Canadian investment management firm

Mackenzie Investments was founded in 1967 and is one of Canada's largest investment management firms by assets under management. Mackenzie Investments provides investment advisory and related services for retail and institutional clients. With $201.1 billion in assets under management, Mackenzie Investments distributes its services through a diversified network of third-party financial advisors. Mackenzie Investments is a member of the IGM Financial Inc. group of companies. IGM Financial is one of Canada's largest financial services companies by assets with over $262 billion in total assets under management. (Note: All figures as of June 30, 2021)

==History==
- 1967 – Mackenzie Investments was founded by Alex Christ
- 1967 – Mackenzie Investments created company's first mutual fund, the Industrial Growth Fund (later renamed Mackenzie Growth Fund)
- 1973 – Mackenzie Investments went public with a listing on the TSX
- 1977 – Mackenzie Investments bought a stake in Universal Group of Funds
- 1992 – Mackenzie Investments acquired Ivy Management Inc
- 1993 – Mackenzie Investments acquired the balance of Universal Group of Funds
- 1998 – Mackenzie Investments acquired Cundill Funds Inc.
- 2001 – Mackenzie Investments was acquired by Investors Group to create IGM Financial
- 2006 – Mackenzie Investments acquires Cundill Investment Research Ltd. and its affiliates (The Cundill Group)
- 2008 – Mackenzie Investments acquired Howson Tattersall Investment Counsel and the Saxon Group of Mutual Funds
- 2011 – Mackenzie Investments announces that it has reached an agreement with B2B Trust, a subsidiary of Laurentian Bank under which B2B Trust will acquire the MRS Companies (MRS Trust, MRS Inc and MRS Securities Inc.) The transaction is expected to close in November 2011 subject to applicable regulatory notifications and approvals.
- 2012 – Mackenzie Investments completes the sale of the MRS Companies (MRS Trust, MRS Inc and MRS Securities Inc.) to B2B Trust, a subsidiary of Laurentian Bank
- 2013 – Mackenzie Investments announced a proposal to simplify and restructure its product offering through the renaming and merger of several funds as well as the amendment of investment objectives for additional funds. Further, several fund brands will be eliminated.

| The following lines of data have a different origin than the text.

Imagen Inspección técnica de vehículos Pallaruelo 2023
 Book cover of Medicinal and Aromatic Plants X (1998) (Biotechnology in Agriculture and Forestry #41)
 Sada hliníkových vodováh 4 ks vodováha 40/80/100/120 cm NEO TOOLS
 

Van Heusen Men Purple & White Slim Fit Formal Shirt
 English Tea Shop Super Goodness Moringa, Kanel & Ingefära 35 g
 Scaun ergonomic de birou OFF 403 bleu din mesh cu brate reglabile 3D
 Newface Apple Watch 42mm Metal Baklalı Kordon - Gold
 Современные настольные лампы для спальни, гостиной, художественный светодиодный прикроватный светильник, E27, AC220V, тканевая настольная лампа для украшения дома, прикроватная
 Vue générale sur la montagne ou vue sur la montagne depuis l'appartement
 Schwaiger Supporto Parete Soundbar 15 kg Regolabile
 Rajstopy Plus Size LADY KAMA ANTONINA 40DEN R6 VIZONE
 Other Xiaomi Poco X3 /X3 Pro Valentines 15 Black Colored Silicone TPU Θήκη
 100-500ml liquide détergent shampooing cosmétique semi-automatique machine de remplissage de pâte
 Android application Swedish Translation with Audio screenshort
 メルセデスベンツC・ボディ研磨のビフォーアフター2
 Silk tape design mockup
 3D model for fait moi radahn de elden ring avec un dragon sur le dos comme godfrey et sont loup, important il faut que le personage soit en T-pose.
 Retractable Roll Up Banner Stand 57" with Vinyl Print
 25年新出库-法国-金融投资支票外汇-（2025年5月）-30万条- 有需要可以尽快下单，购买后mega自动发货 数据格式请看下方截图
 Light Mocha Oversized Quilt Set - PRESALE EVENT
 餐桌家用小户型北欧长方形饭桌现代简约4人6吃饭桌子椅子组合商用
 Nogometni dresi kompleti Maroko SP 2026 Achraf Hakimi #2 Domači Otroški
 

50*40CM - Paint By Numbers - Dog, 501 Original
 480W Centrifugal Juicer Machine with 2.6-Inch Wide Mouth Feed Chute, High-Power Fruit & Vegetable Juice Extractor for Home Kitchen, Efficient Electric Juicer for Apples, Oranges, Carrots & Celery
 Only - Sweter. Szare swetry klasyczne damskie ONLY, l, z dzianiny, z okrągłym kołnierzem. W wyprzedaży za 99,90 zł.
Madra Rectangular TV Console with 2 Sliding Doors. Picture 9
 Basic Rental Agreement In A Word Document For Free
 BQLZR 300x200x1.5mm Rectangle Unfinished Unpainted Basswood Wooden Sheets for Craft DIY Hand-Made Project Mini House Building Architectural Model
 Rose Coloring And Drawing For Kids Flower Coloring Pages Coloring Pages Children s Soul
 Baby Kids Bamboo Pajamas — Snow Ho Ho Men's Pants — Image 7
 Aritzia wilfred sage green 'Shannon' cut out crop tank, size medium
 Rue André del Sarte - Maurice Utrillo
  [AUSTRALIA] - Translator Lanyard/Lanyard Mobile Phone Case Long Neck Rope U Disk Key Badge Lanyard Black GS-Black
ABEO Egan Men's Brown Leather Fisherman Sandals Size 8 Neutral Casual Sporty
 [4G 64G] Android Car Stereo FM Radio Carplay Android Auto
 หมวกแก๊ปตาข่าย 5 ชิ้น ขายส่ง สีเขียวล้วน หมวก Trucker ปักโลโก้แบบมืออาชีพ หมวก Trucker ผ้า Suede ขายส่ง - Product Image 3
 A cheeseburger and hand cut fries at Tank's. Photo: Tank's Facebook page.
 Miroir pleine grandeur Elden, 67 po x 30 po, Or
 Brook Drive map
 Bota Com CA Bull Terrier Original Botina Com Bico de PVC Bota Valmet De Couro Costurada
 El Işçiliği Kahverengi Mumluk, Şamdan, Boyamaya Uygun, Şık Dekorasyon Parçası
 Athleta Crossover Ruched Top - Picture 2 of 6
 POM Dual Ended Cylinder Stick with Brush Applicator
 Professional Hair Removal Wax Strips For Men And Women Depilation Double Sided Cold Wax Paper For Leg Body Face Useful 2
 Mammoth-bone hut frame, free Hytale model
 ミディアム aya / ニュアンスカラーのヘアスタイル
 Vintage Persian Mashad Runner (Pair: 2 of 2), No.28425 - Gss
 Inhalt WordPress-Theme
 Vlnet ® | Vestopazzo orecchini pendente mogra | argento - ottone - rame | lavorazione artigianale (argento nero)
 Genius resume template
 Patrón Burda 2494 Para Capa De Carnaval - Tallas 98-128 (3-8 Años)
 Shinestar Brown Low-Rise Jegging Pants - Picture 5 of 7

==Mackenzie Investments Charitable Foundation==
The Mackenzie Investments Charitable Foundation was established in 1999, funded with an endowed gift of $2.3 million from Mackenzie Investments. The Foundation is an employee-driven, non-profit organization that coordinates community giving and donation activities on behalf of the Mackenzie Group of Companies. The Foundation is funded by donations from Mackenzie Investments' employees, clients and the corporation.